To determine the oxidation state of chromium in the product formed when potassium dichromate \((K_2Cr_2O_7)\) reacts with hydrazine \((N_2H_4)\), we can follow these steps: ### Step 1: Identify the Reactants and Products The reaction involves potassium dichromate \((K_2Cr_2O_7)\) reacting with hydrazine \((N_2H_4)\) in the presence of sulfuric acid \((H_2SO_4)\).

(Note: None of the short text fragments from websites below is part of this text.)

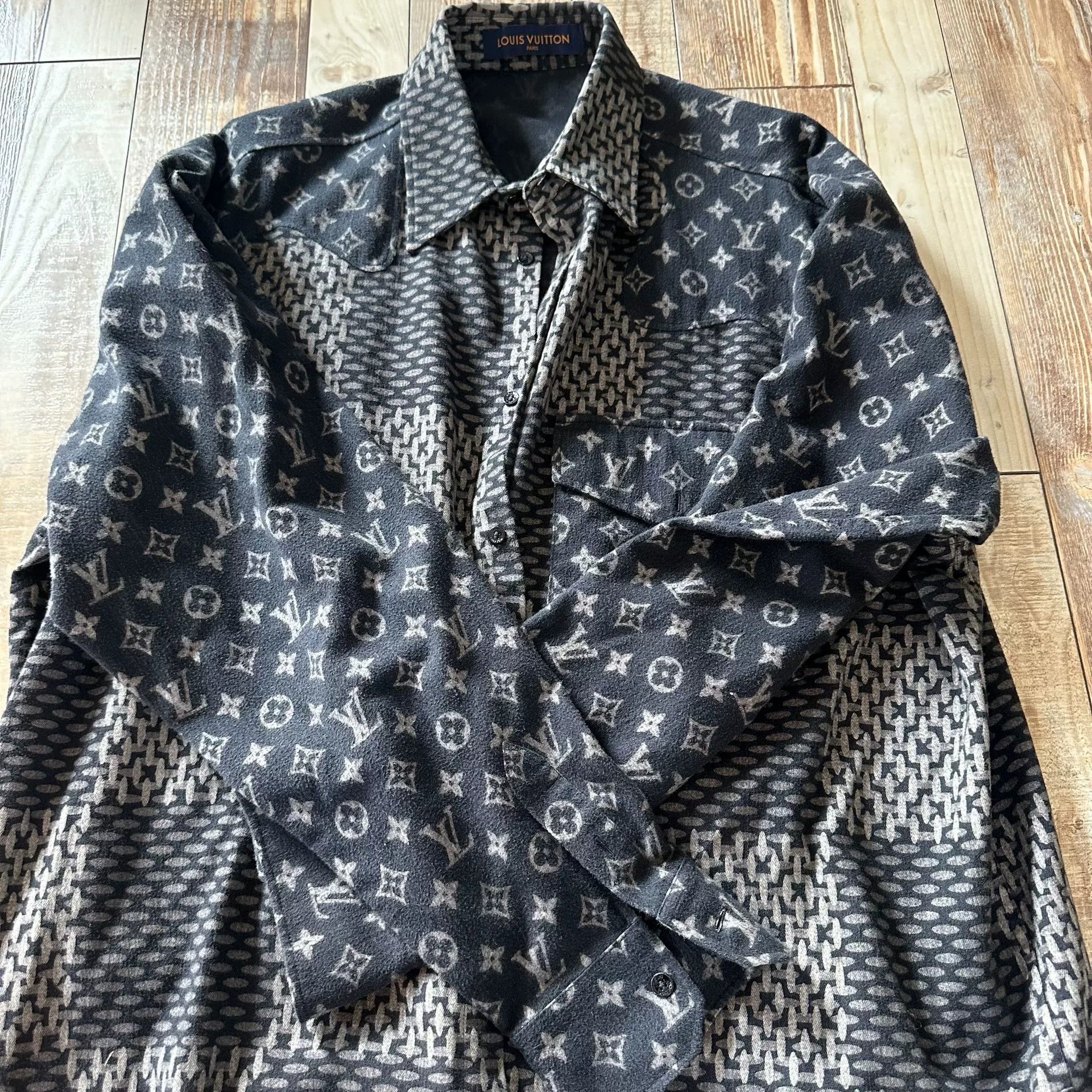 Louis Vuitton Louis Vuitton x Nigo Patchwork Monogram Shirt Size US XXL / EU 58 / 5 - 5 Thumbnail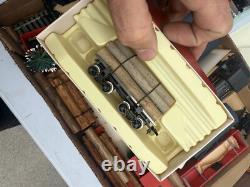 Lot of 29 HO train car BACHMANN, TRACKS LOCOMOTIVES HOUSES collection track TL#1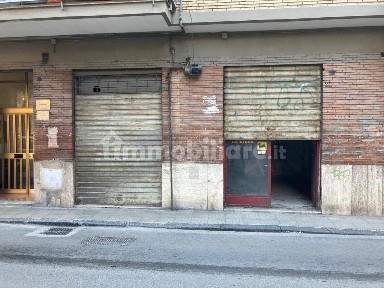 Magazzino all'asta, Delia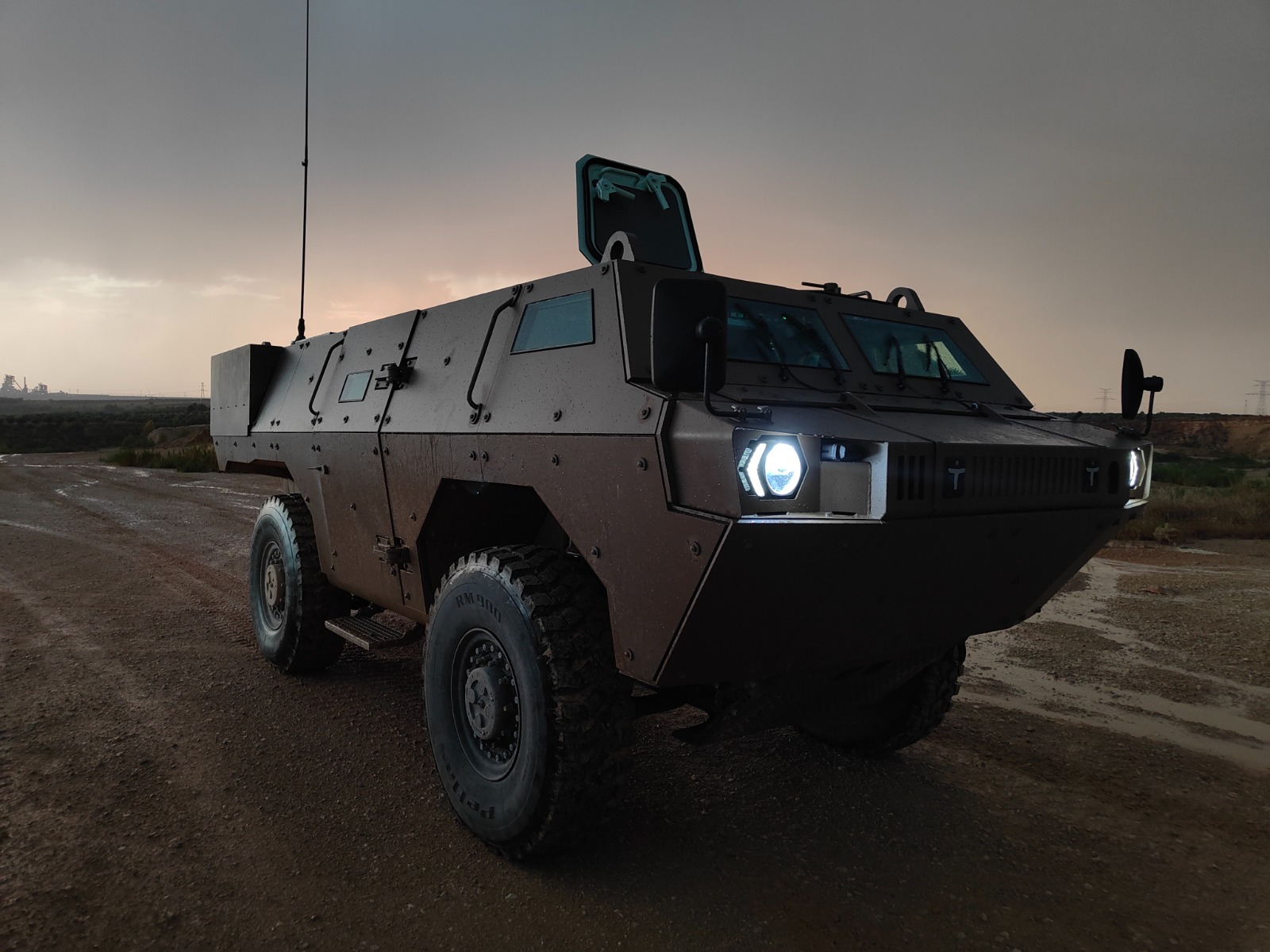 ASV 350 at dusk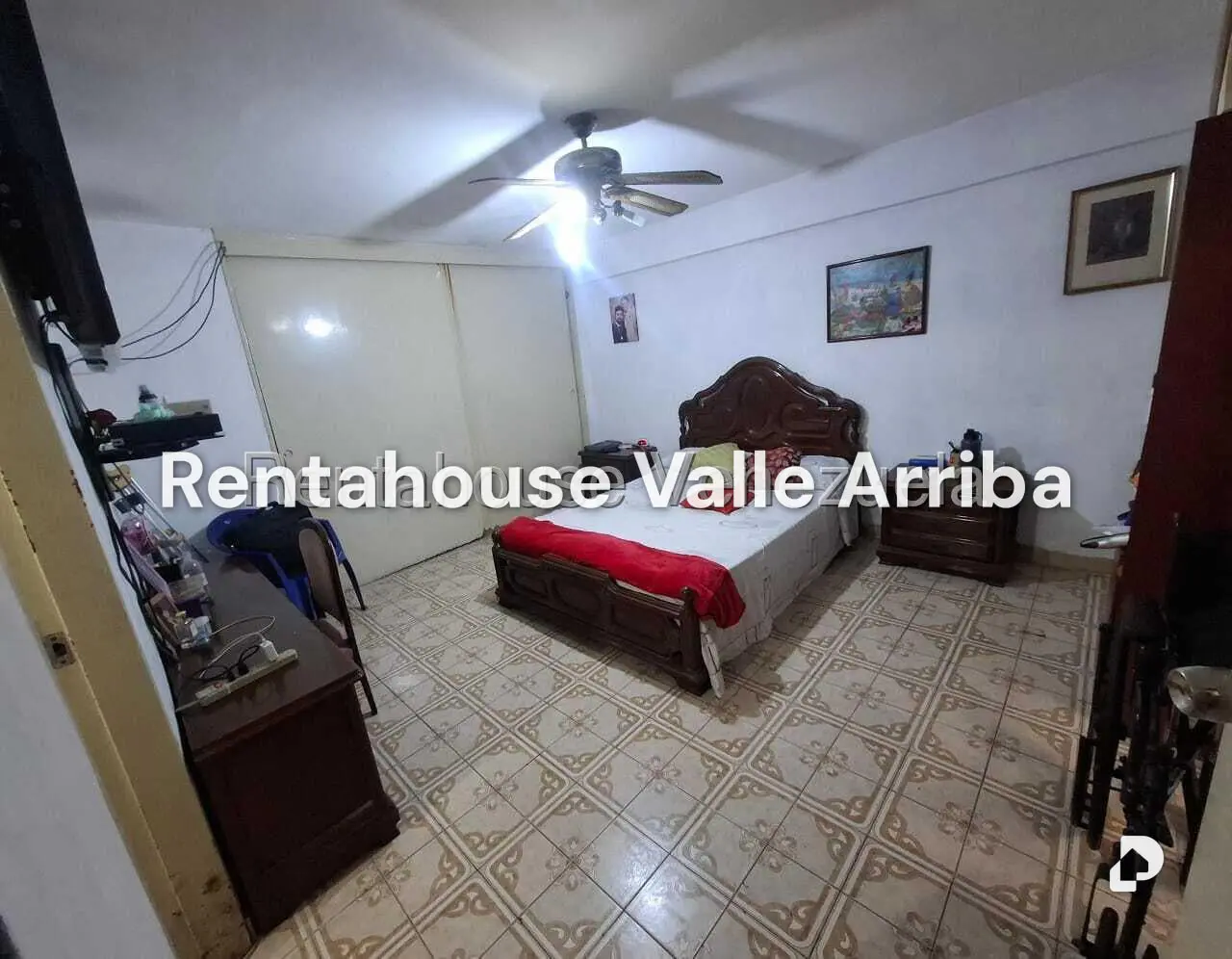 Apartamento en El Paraíso, Caracas – 24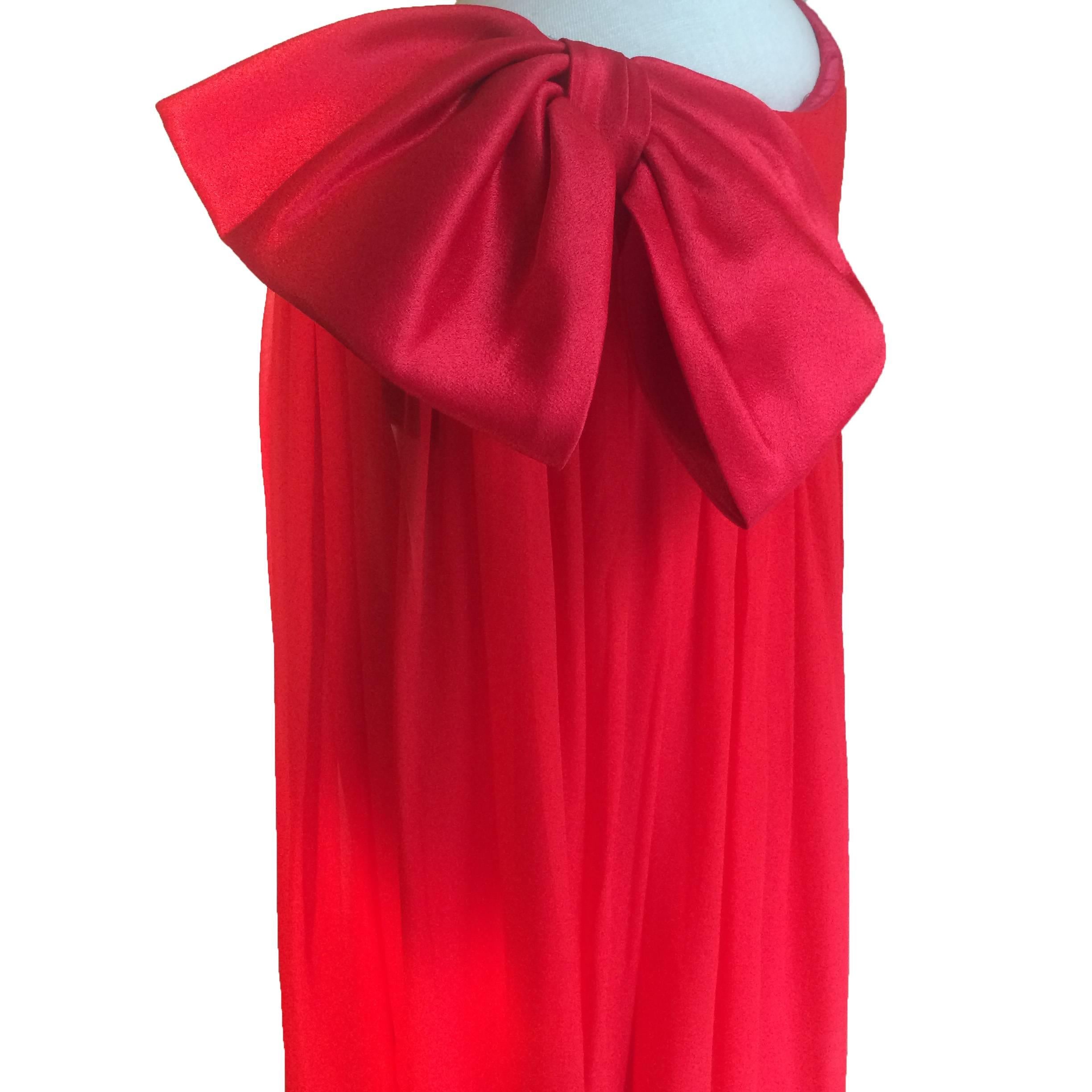 Lilli Diamond 1970s Bright Red Crinkle Crepe Shift with Giant Bow at Shoulder In Excellent Condition For Sale In San Francisco, CA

The products of this reaction are chromium sulfate \((Cr_2(SO_4)_3)\), nitrogen gas \((N_2)\), potassium sulfate \((K_2SO_4)\), and water \((H_2O)\). ### Step 2: Determine the Oxidation State of Chromium in \(K_2Cr_2O_7\) 1. Let the oxidation state of chromium be \(x\). 2. The formula for potassium dichromate is \(K_2Cr_2O_7\). 3. Potassium (K) has an oxidation state of +1, and there are 2 potassium atoms, contributing +2. 4. Oxygen (O) has an oxidation state of -2, and there are 7 oxygen atoms, contributing -14. 5. The overall charge of the compound is 0. Setting up the equation: \[ 2(+1) + 2x + 7(-2) = 0 \] \[ 2 + 2x - 14 = 0 \] \[ 2x - 12 = 0 \] \[ 2x = 12 \implies x = +6 \] Thus, the oxidation state of chromium in \(K_2Cr_2O_7\) is +6. ### Step 3: Determine the Oxidation State of Chromium in \(Cr_2(SO_4)_3\) 1. In the product \(Cr_2(SO_4)_3\), we again let the oxidation state of chromium be \(y\). 2. The sulfate ion \((SO_4)^{2-}\) has an oxidation state of -2, and there are 3 sulfate ions, contributing -6. 3. The overall charge of the compound is 0. Setting up the equation: \[ 2y + 3(-2) = 0 \] \[ 2y - 6 = 0 \] \[ 2y = 6 \implies y = +3 \] Thus, the oxidation state of chromium in \(Cr_2(SO_4)_3\) is +3. ### Conclusion The oxidation state of chromium in the product formed from the reaction of \(K_2Cr_2O_7\) with hydrazine is +3. ### Final Answer The oxidation state of Cr in the product is +3. ---